Finishing was as easy as the rest of the project. The body tube had only the slightest spiral, and there was very little grain showing in the plywood fins. These were eliminated with the last of my thinned Elmer's Fill 'n' Finish. The balsa nose and tail cones were treated to several coats of FnF and came out looking great after several sandings. Once the rocket was smooth enough, I primed it with Valspar white primer, then sprayed the fins with Valspar Gloss Black. I ran into a little trouble masking off the fins because of the monster fin fillets that I had created, but it isn't easily noticed unless you're holding the rocket. After two coats of gloss black, the fins looked great and I masked them off before painting the rest of the rocket with several coats of Valspar Gloss White. When this dried I installed the vinyl decal as shown on the instruction sheet. This was the first vinyl decal I'd ever tried and I was impressed with how well it held its place once it was applied. The finished product looks great: squat, bulky and sturdy. My kind of rocket.
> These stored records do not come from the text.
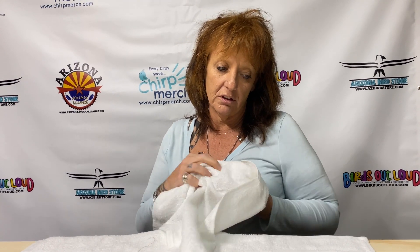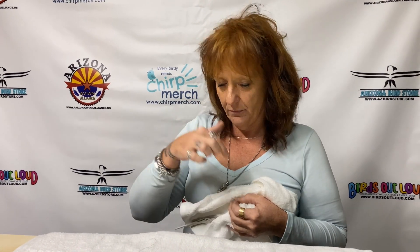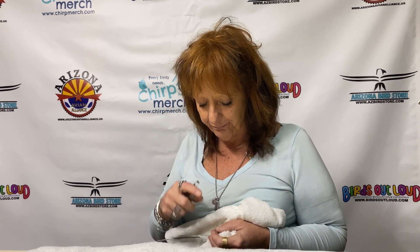You can do DNA sexings not just by getting some blood from the toenail like I'm going to do, but you can also pull a blood feather and send it off, or you can take the egg that the baby came out of and send that off and they can pull some DNA from that also. But today we're going to do it from a toenail.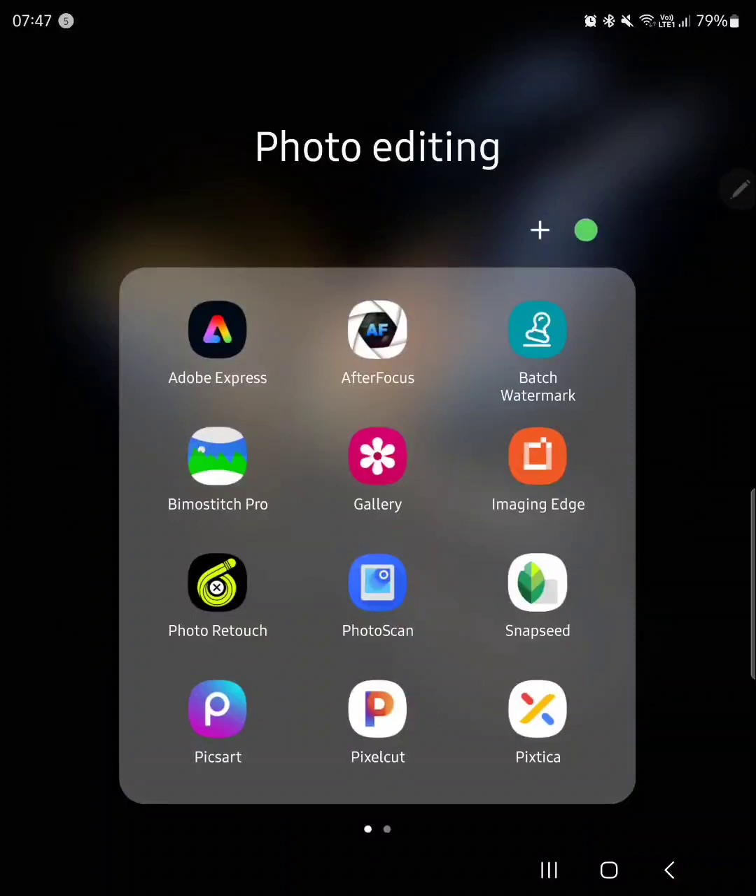I'm going to quickly show you how to change hair color with PicsArt. I'm using an Android phone but the app is available on iPhone too, so it's worth taking a look.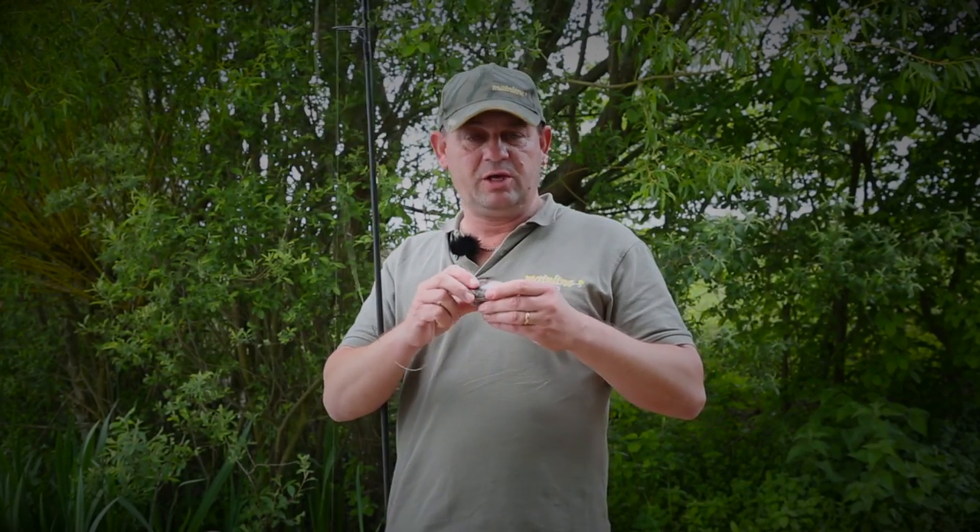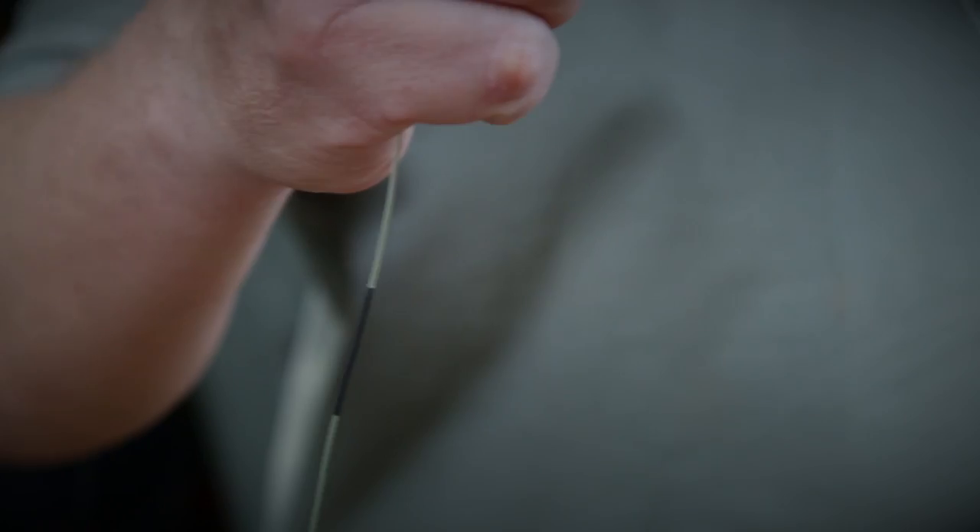I'm going to show you one of my methods that I use a lot of the time for short range or for long range. It's a way of fishing 110% without any tangles. What it is, is a solid PVA bag.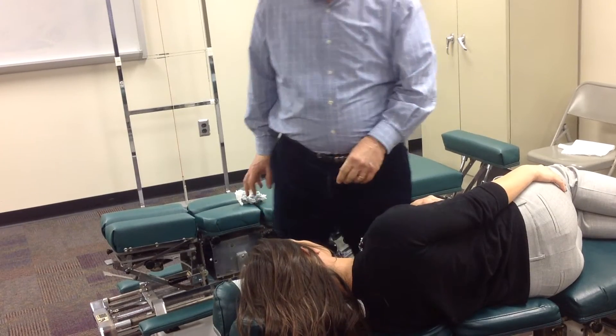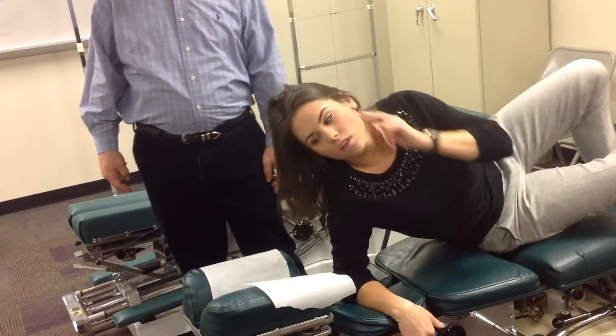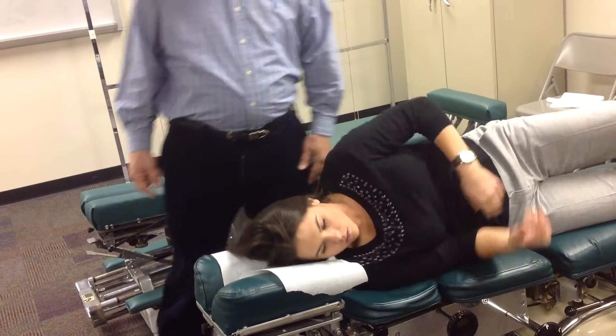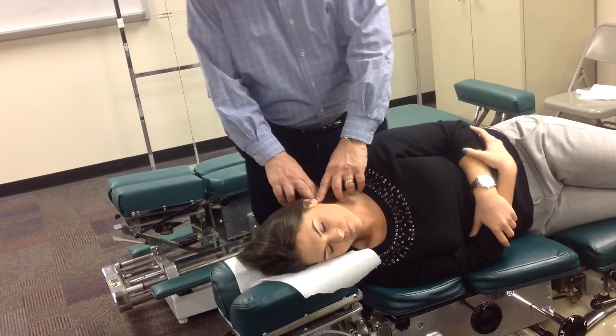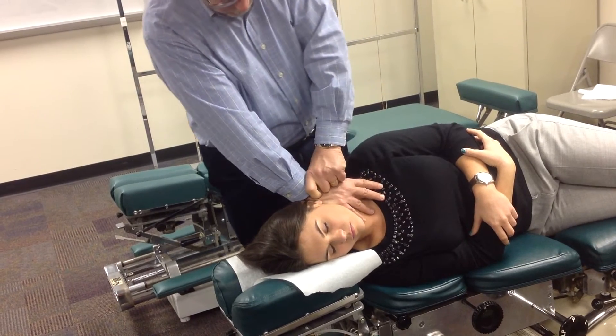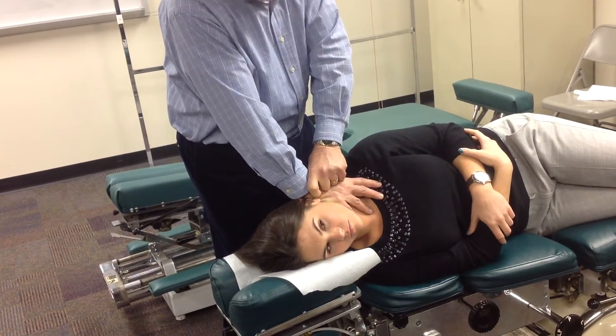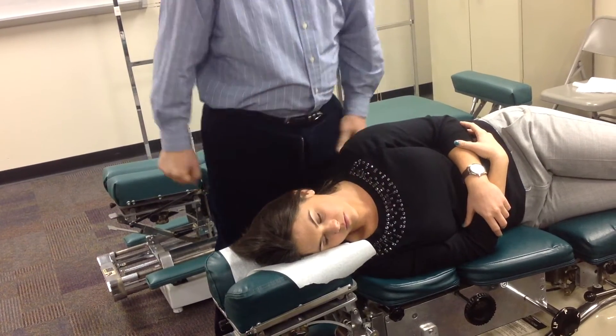If doing it from behind, for a right cervical syndrome with no tender nodule, I'd tilt the headpiece down, do a tissue pull, make my contacts, stand slightly superior, and perform a regular toggle thrust.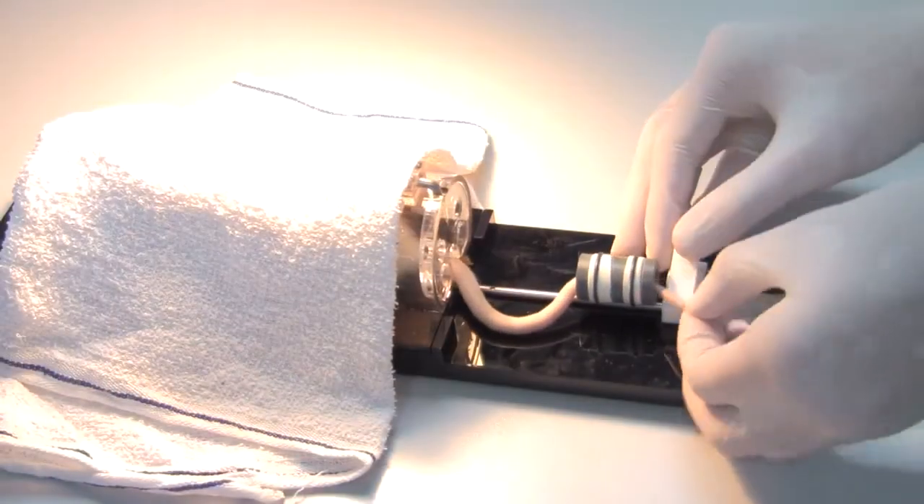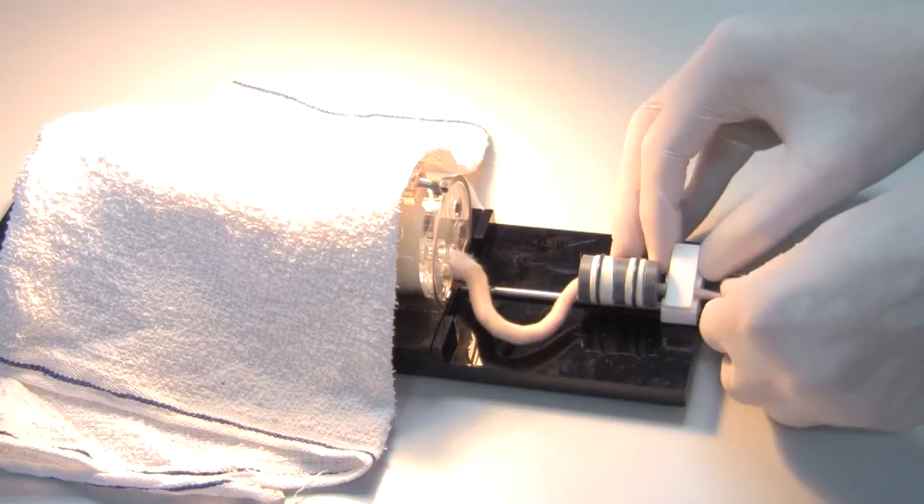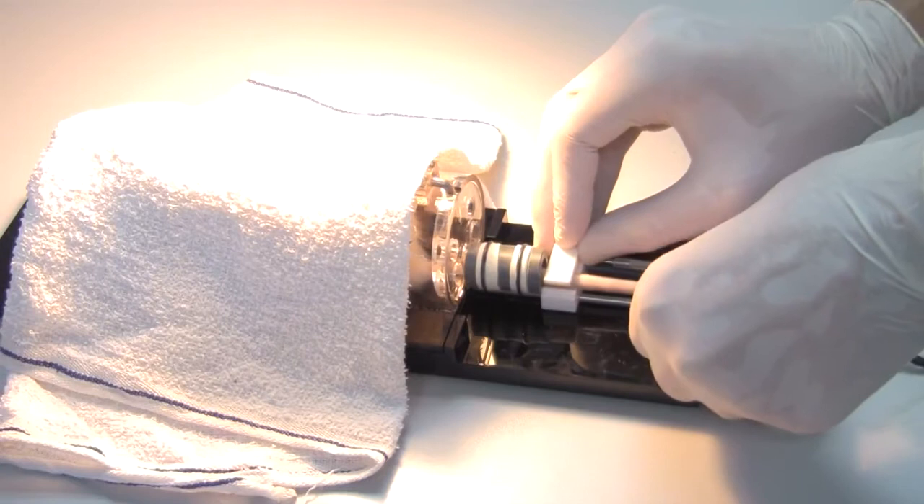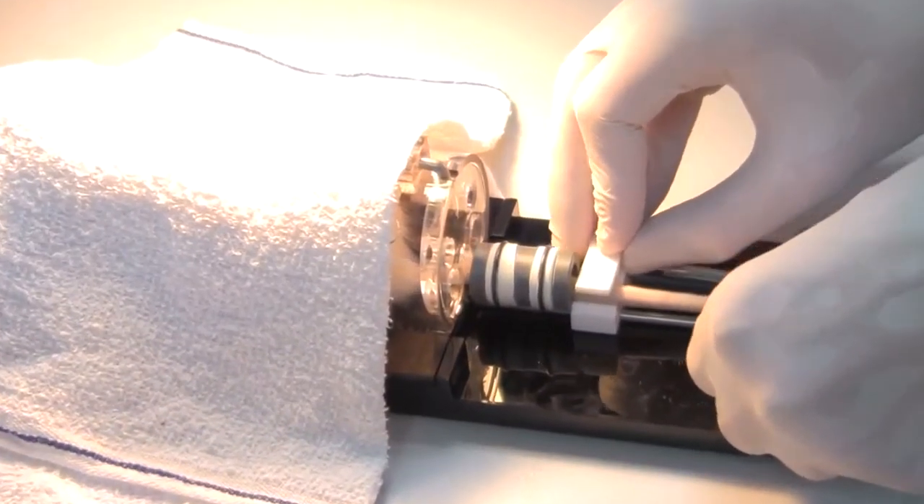The tail cuff is slid over the subject's tail along the tail cuff holder until it rests closely to the tail end of the restrainer. The tail is also placed securely within the pulse transducer.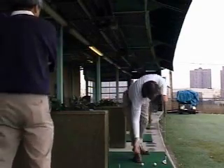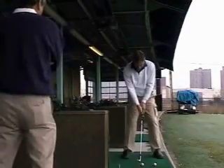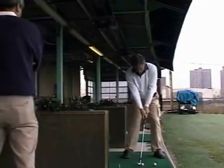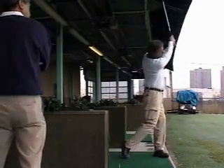Placing two balls on a target line four to eight inches apart is known as the two-ball drill. This helps the golfer to feel the extension through the impact area.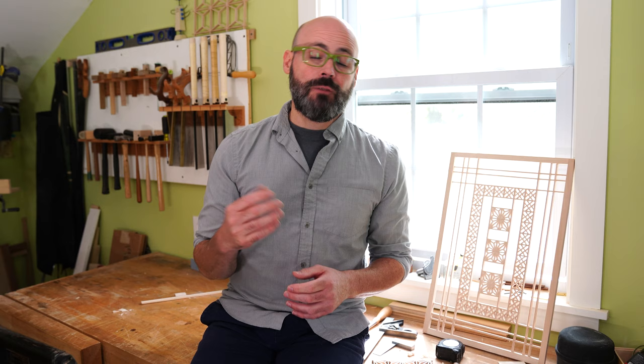Thanks for checking out this first online class I'm offering. We'll be making a delicate wall cabinet that has ingrained veneers on the drawer fronts.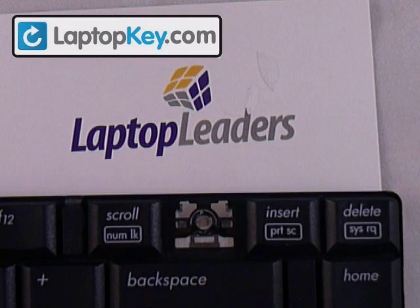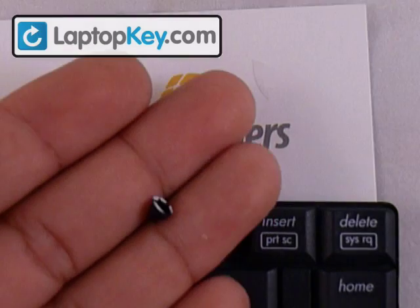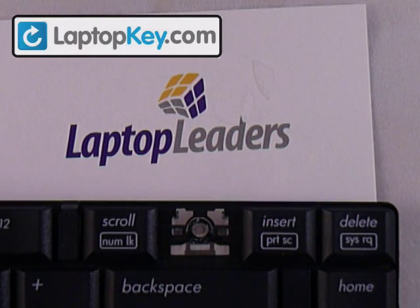This is the instructional video on how to install the rubber cup onto your keyboard. This applies for most keyboards out there, whether it's a different color, size, or maybe even shape.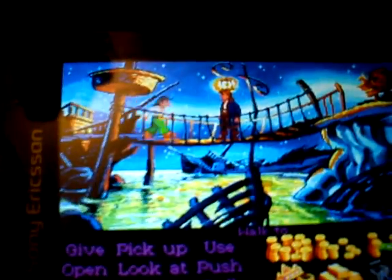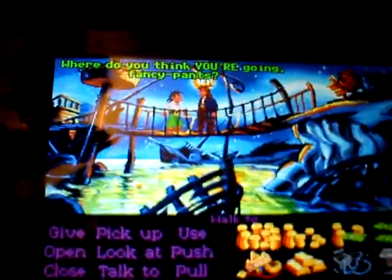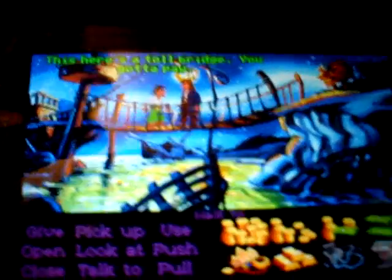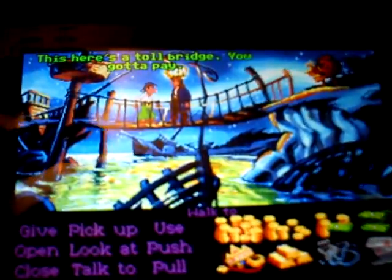As you can see mate, it all works — point and click adventure game, mate. So check it out, check out my tutorial step by step. Well worth the buy, mate — AnDOSBox from the Android Market. Can't go wrong.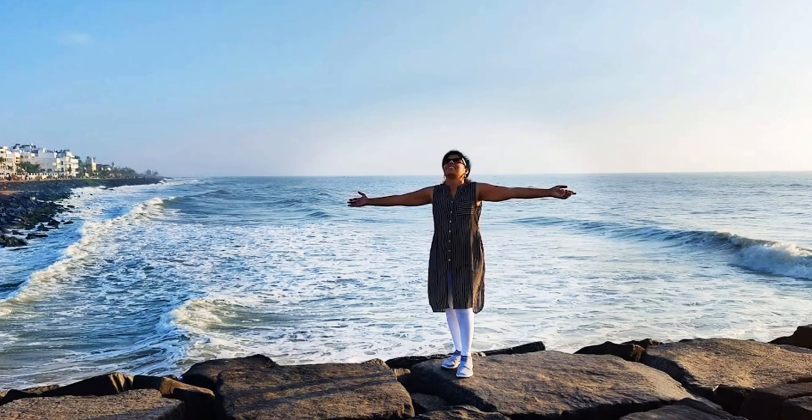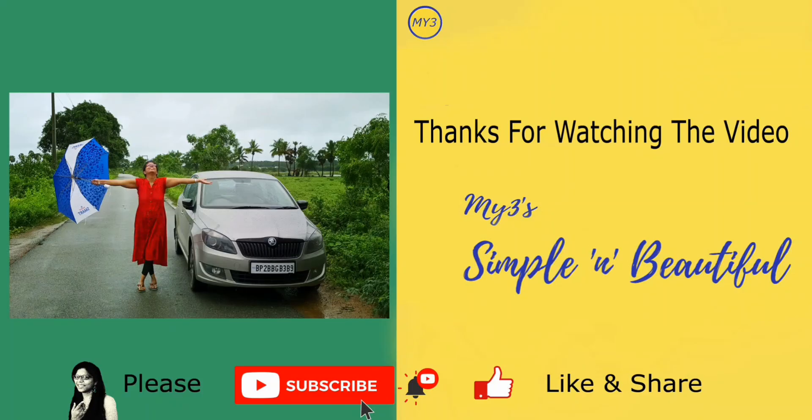If you want to give me a comment, please give me a comment. Thank you. Subscribe, like and share.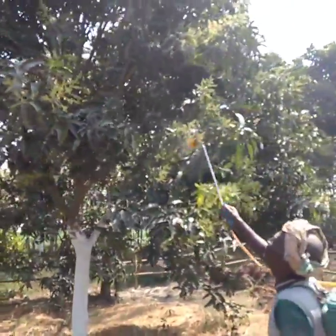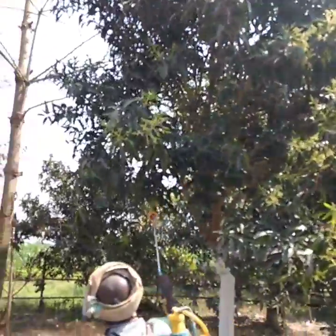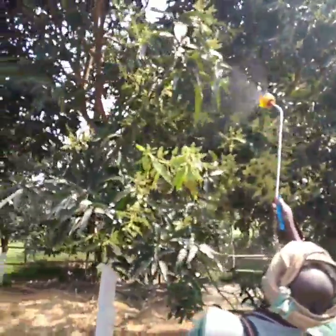I am going to show you how to spray it for safety. It is very dangerous to our eyes. It is a poison which can kill them.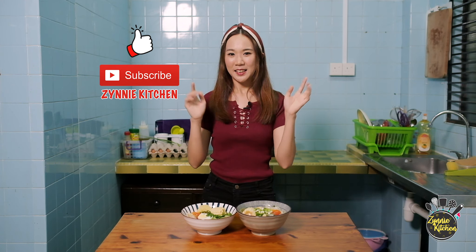This is our ABC soup. Today we serve it with noodles and eggs. Hope you like the recipe. Do remember to like and subscribe to my channel. See you again — bye bye!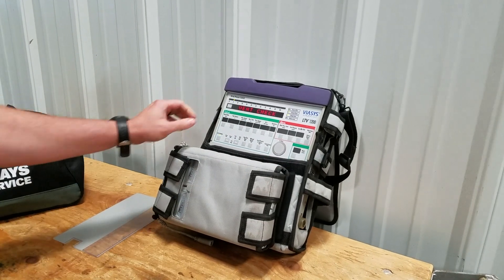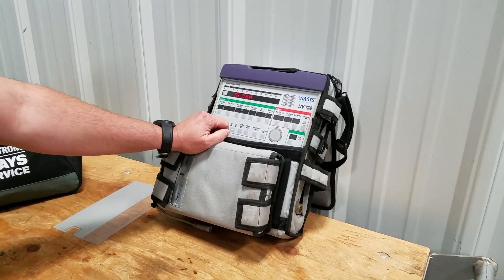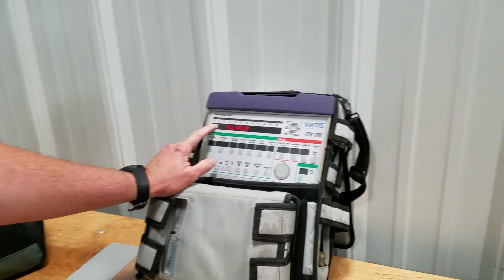This is where we want to start. We're going to go ahead and hit select. The first thing it's going to pull up is the alarm, so when we press the select button we should hear the alarm go off.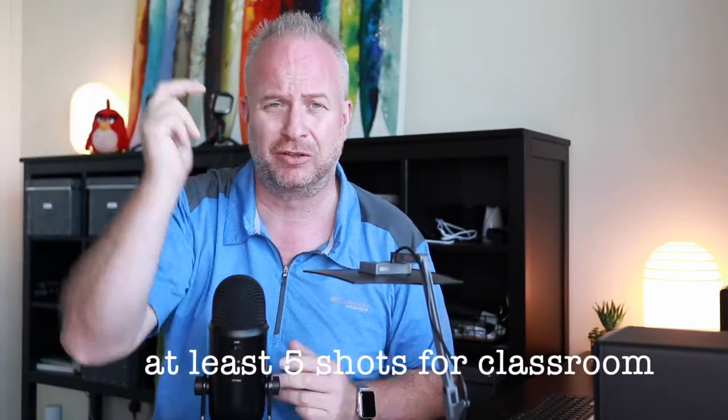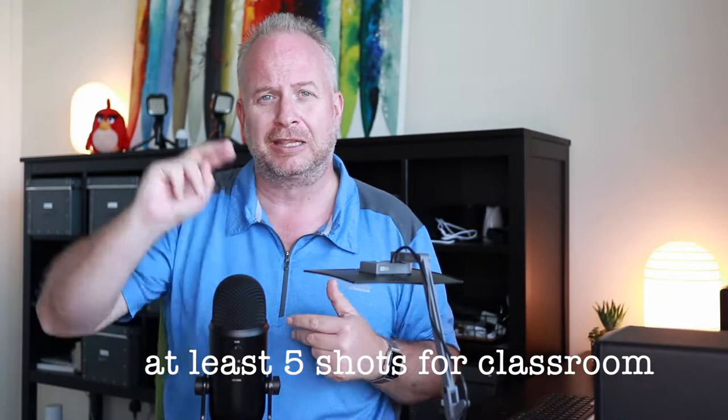You're not necessarily getting people to pose for your photos, but sometimes you are. You're learning there's a good way to take photos of people — working on angles or the lighting coming in from the windows. Because you know this stuff now, you can do really amazing things. Take at least five shots for a classroom project.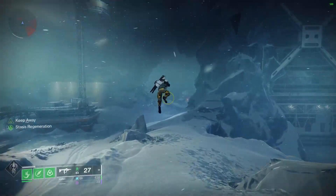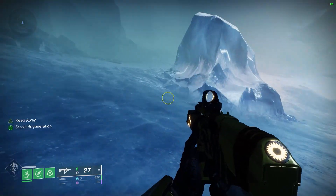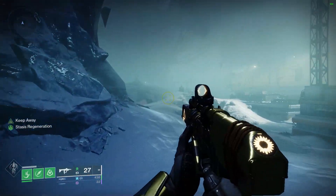Welcome to another macro video. This time we are doing Strand Skate. Please be aware that the macro only functions on slopes and stairs — it will not function on flat surfaces.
Construction Rating: 5 out of 5
Like many people, I found myself choosing my motor based on the what was available when I visited our on-field vendor, Merlin Missiles. Not owning an RMS system and not willing to chance borrowing someone else's, I went with the Aerotech G38FJ-7--a choice that I was assured would be great for this rocket. Once I got it home, I installed it in the motor tube and figured out how much nose weight to install to bring the CG up to the proscribed 20.75" from the tip of the nose. In the end, that wound up being almost all of it.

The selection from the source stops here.